━━ Data section

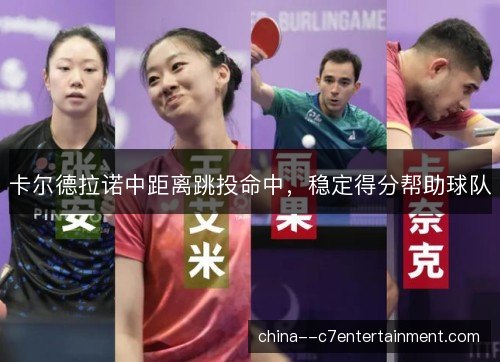 卡尔德拉诺中距离跳投命中,稳定得分帮助球队 卡尔德拉诺中距离跳投命中,稳定得分帮助球队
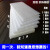 epe珍珠棉泡沫板材填充塑料泡沫包装膜防震板加厚垫102034050mm 厚度 2厘米 长宽 1米x1米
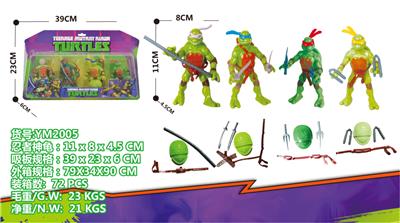 Otherdoll - OBL10029770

━━━━

◆ Your assignment:
The answer should be an exact copy of the material, with its pictures removed.

◆ Response:
 卡尔德拉诺中距离跳投命中,稳定得分帮助球队 卡尔德拉诺中距离跳投命中,稳定得分帮助球队
 epe珍珠棉泡沫板材填充塑料泡沫包装膜防震板加厚垫102034050mm 厚度 2厘米 长宽 1米x1米
 Otherdoll - OBL10029770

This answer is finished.